Review: PyramidNet — Deep Pyramidal Residual Networks (Image Classification)

Gradually Increasing the Feature Map Dimensions, New Positions of ReLU and BN, Better Than DenseNet.

In this story, PyramidNet, by KAIST, is shortly reviewed. It is found that by gradually increasing the feature map dimensions, instead of increasing the feature map dimensions sharply, the classification accuracy is improved. In addition, new positions of ReLU and BN (Batch Norm) within a residual building block are also suggested.

Since it enhances ResNet and Pre-Activation ResNet, it is better to know about them before reading PyramidNet. (If interested, please read my reviews about them.) It is published in 2017 CVPR with more than 100 citations. (Sik-Ho Tsang @ Medium)


Outline

  1. Additive PyramidNet and Multiplicative PyramidNet
  2. New Positions of ReLU and BN
  3. Comparison with State-of-the-art Approaches

1. Gradually Increasing the Feature Map Dimensions

1.1. Original ResNet

  • In many CNN architectures, feature map dimensions are not increased until they encounter a layer with downsampling.
  • Particularly in original ResNet, as the equation above, if n(k) ∈ {1, 2, 3, 4} denotes the index of the group to which the k-th residual unit belongs. The residual units that belong to the same group have an equal feature map size, and the n-th group contains N_n residual units.

1.2. Additive PyramidNet and Multiplicative PyramidNet

(a) Additive PyramidNet, (b) Multiplicative PyramidNet, (c) Comparison of (a) and (b)
  • PyramidNet suggests to gradually increasing the feature map dimensions. Two forms of PyramidNet, Additive PyramidNet and Multiplicative PyramidNet are proposed as above. It is found that Additive PyramidNet is better than Multiplicative PyramidNet.
Additive PyramidNet used for benchmarking with CIFAR-10 and CIFAR-100
  • The above table is the Additive PyramidNet architecture used for benchmarking with CIFAR-10 and CIFAR-100.
  • (a): Basic residual units in original ResNet.
  • (b):Bottleneck residual units in original ResNet.
  • (c): Wide residual units in WRN.
  • (d): Pyramid residual units.
  • (e): Pyramid bottleneck residual units.
  • We can see that (d) and (e) gradually increasing the feature map dimensions.
  • As shown above, by comparing 110-layer PyramidNet-110 (α = 48) with Pre-Activation ResNet-110, PyramidNet can obtain lower test error.
Zero-padded Shortcut Connection
  • As the feature map dimension is increasing, we need to match the feature map dimensions of input and output. It is found that zero-padded shortcut connection is normally good enough compared with other types of shortcut connections such as projection shortcut.

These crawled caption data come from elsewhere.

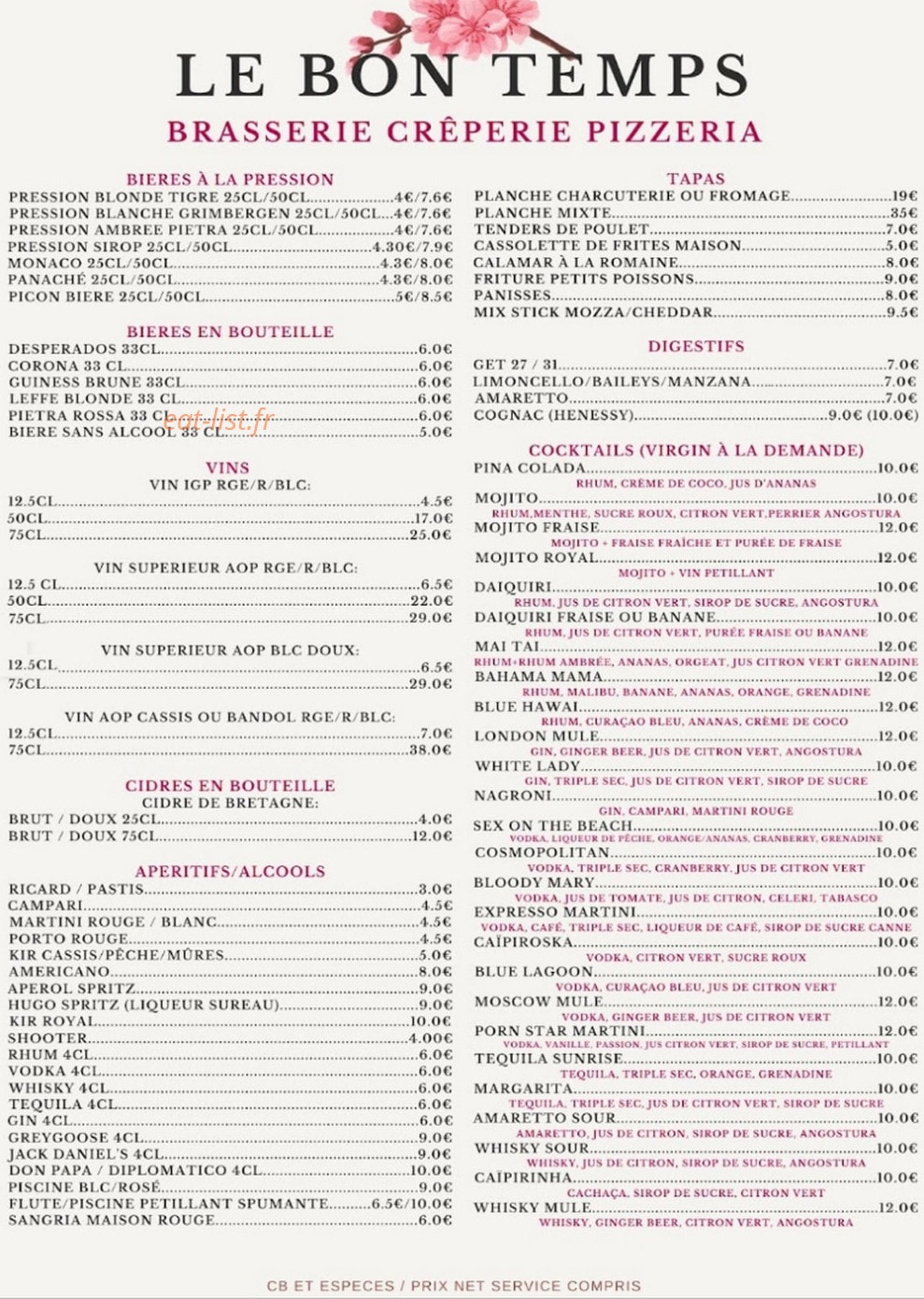 Le Bon Temps — carte page 4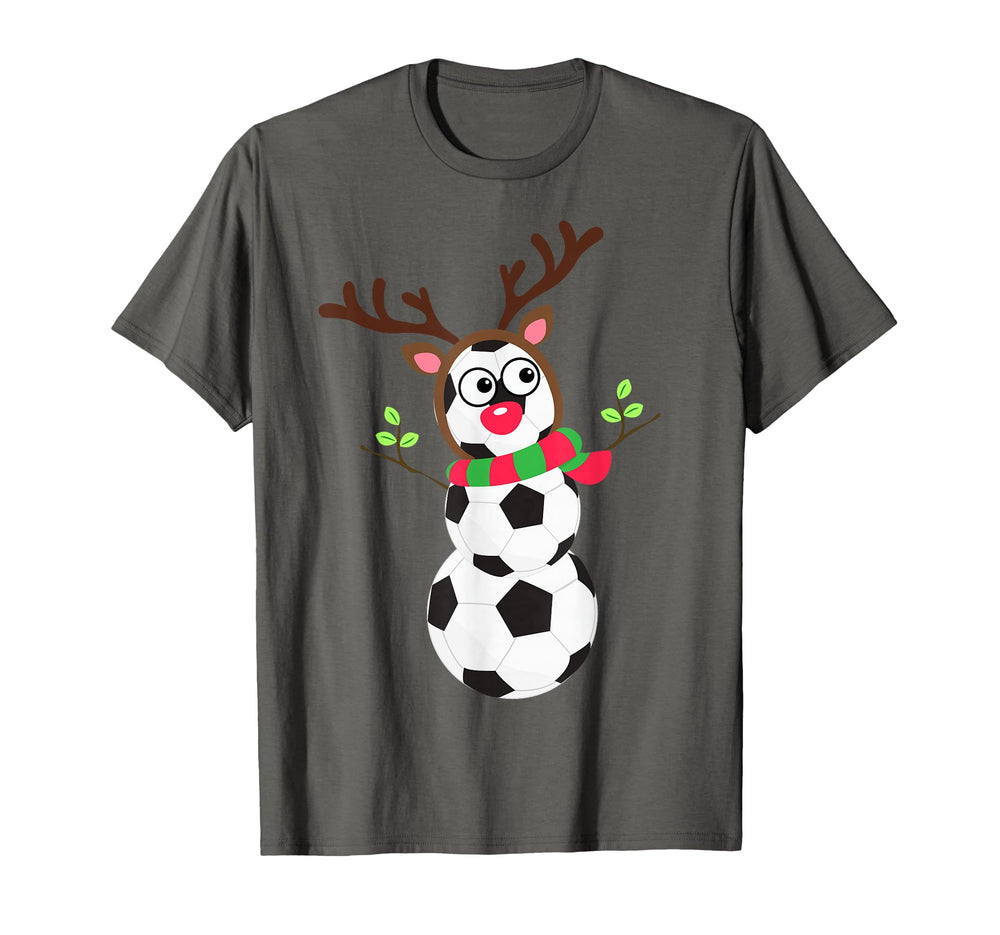 Soccer Balls Snowman Winter Sports T-Shirt - Novelty Apparel for Adults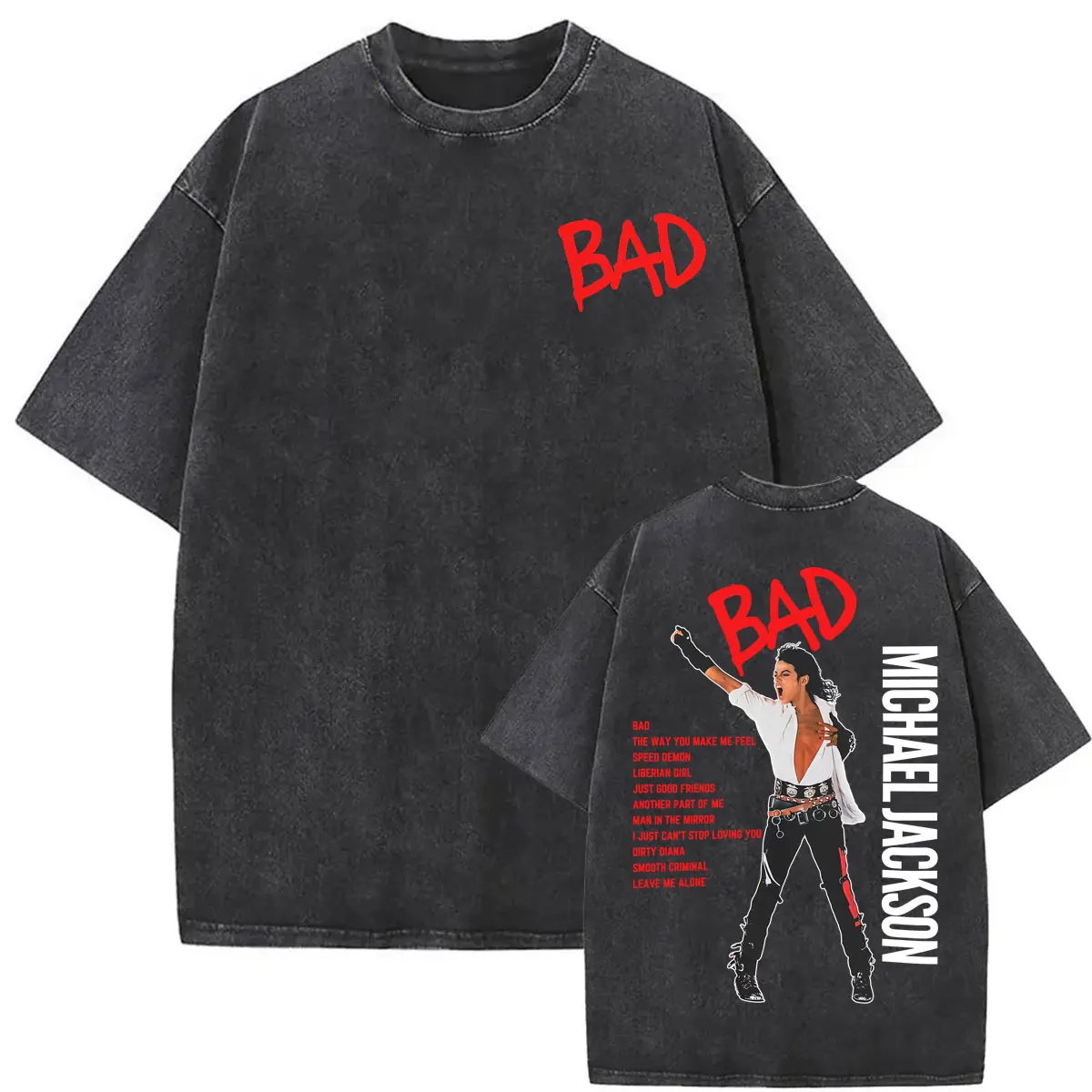 Vintage Washed King of Pop Bad Tour '88 Michael Jackson Retro 80s Concert T-shirts Men Women High Quality Casual Cotton T Shirts - view 4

2. New Positions of ReLU and BN

(a) Original Pre-Activation ResNets, (b) Pre-Activation ResNets Removing the First ReLU, (c) Pre-Activation ResNets with a BN Layer After the Final Convolutional Layer, and (d) Pre-Activation ResNets Removing the first ReLU with a BN Layer After the Final Convolutional Layer.
  • (a): The authors in Pre-Activation ResNet have already tried different orders of Conv, ReLU and BN, and finally come up with BN-ReLU-Conv structure.
  • (b): Here, more combinations are tried. Simply removing the first ReLU of Pre-Activation ResNet, leads to a small performance improvement.
  • (c): Simply adding the BN at the end of Pre-Activation ResNet, leads to a small performance improvement. It is found to be better to have BN before going to the next residual unit.
  • (d): By combining (b) and (c), we can come up the structure in (d).
Top-1 Error (%) on CIFAR-10 and CIFAR-100
  • As shown above, (d) has the lowest error rate on CIFAR-10 and CIFAR-100.

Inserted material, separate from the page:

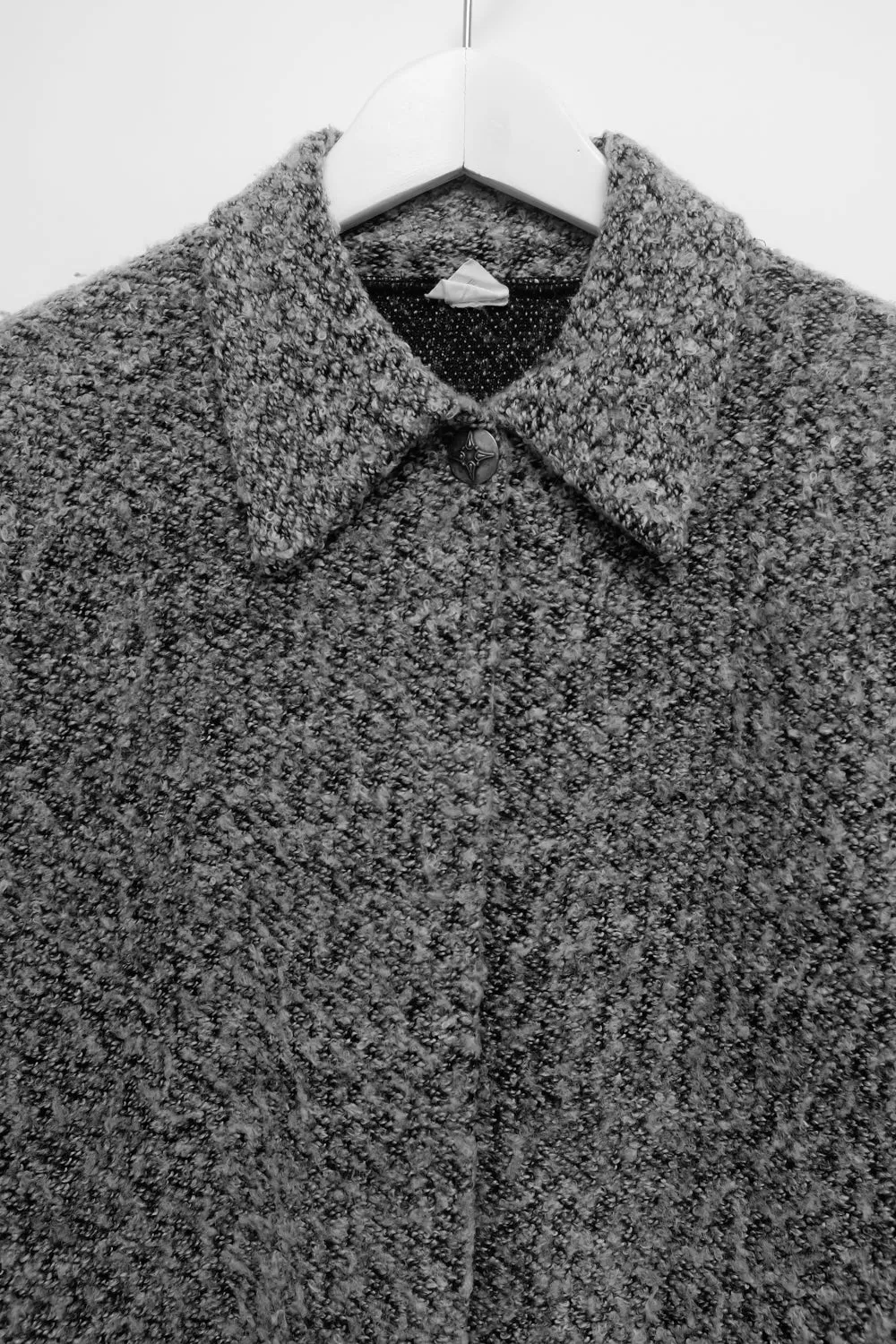 CROPPED WOOL BOUCLE GREY CARDIGAN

3. Comparison with State-of-the-art Approaches

3.1. CIFAR-10 and CIFAR-100

Top-1 Error Rate (%) on CIFAR-10 and CIFAR-100
  • The above are all Additive PyramidNets.
  • PyramidNet (α = 48): With only 1.7M #parameters, 4.58% and 23.12% error rates are obtained on CIFAR-10 and CIFAR-100 respectively.
  • PyramidNet (bottleneck, α = 200): With 26M #parameters, similar to the famous DenseNet-BC, 3.31% and 16.35% error rates are obtained on CIFAR-10 and CIFAR-100 respectively, which outperforms the famous DenseNet.

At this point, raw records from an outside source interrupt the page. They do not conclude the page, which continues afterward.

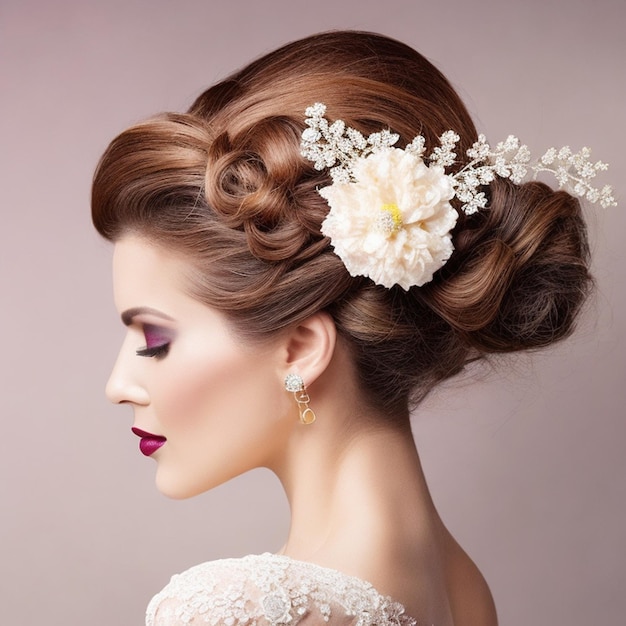 Create an elegant image of a woman with a classic updo hairstyle adorned with delicate flowers generative ai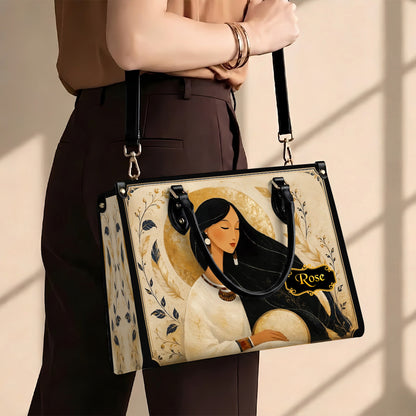 Golden Moon Maiden Personalized Leather Bag - Q1579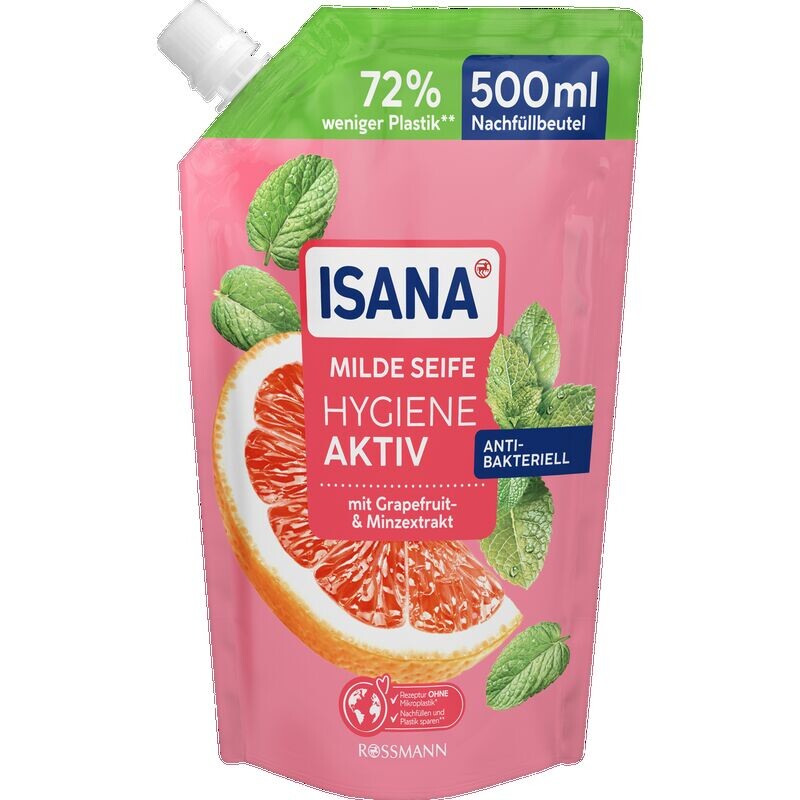 Гигиенический активный сменный пакет с мягким мылом ISANA, 500 ml
Гигиенический активный сменный пакет с мягким мылом ISANA, 500 ml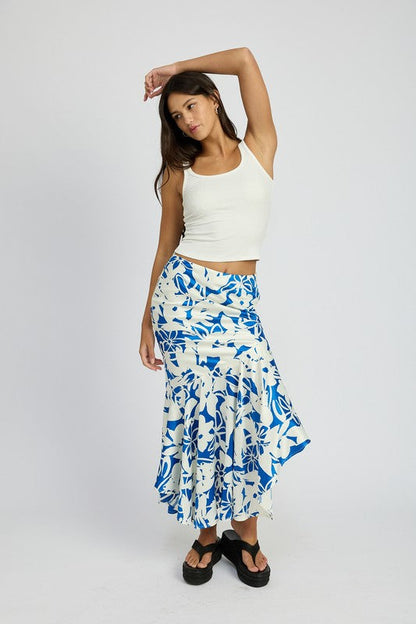 Automotive Jade Icarus asymmetrical ruffle hem skirt with unique design details and textured fabric in a stylish fashion.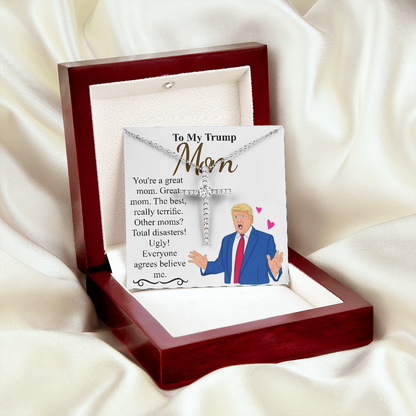 Meaningful Jewelry Gift Personalized Trump Mom Mothers day gift Mommy necklace | Mothers day gift from son and daughter | Mom jewelry Cz cross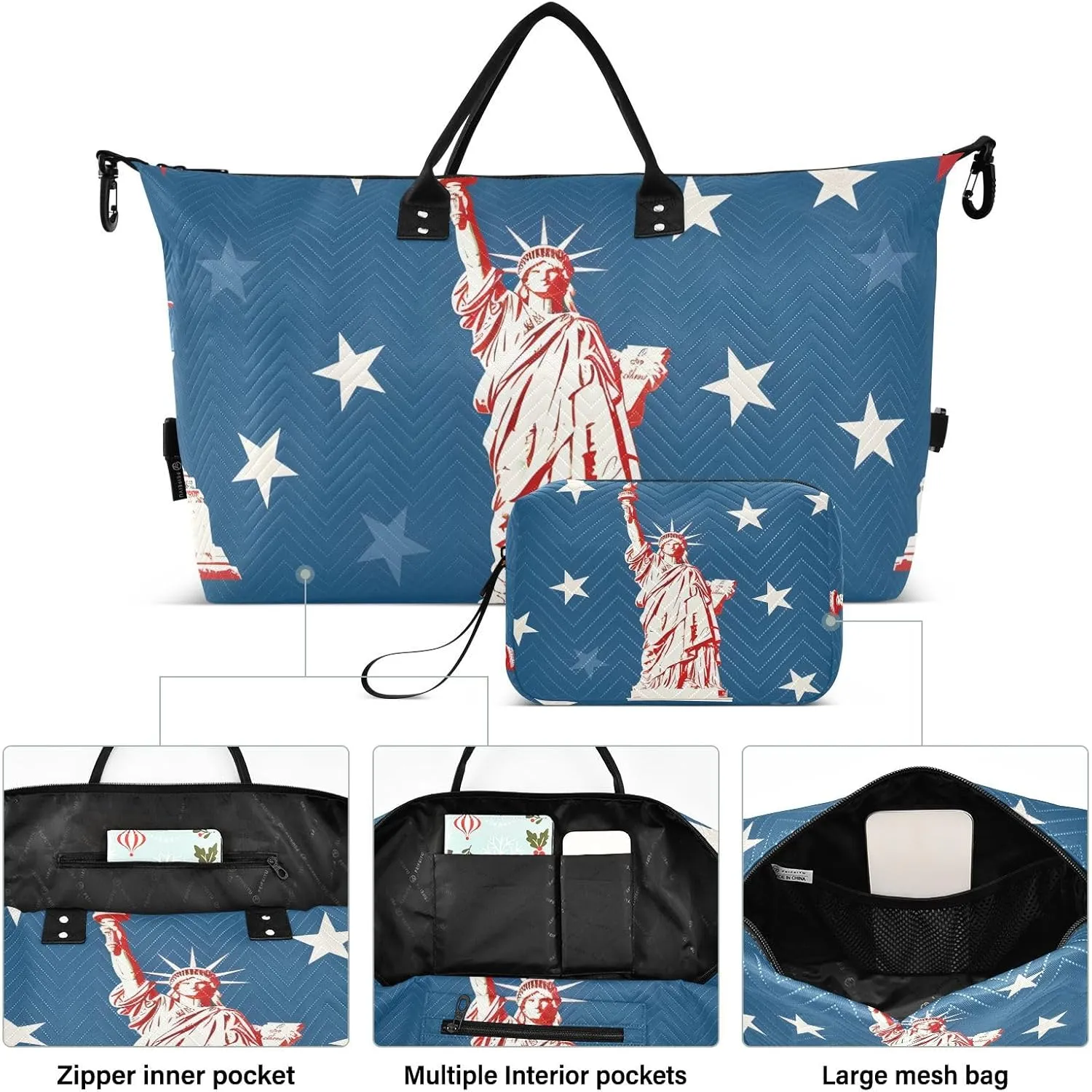 The Statue Of Liberty with Stars Travel Duffle Bag,Large Weekender Travel Bag for Women Men Waterproof Luggage Bag with Trolley Sleeve,Airplane Travel Essentials for Flying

3.2. ILSVRC 2012 Validation Set

Single-Model Single-Crop Error (%) on ILSVRC 2012 Validation Set (+: results by authors, *: dropout)
  • PyramidNet-200 (α = 300): It is already better than Inception-ResNet-v2 proposed by Inception-v4.
  • PyramidNet-200 (α = 450)*: It is even better.
  • However, they did not compare with DenseNet here.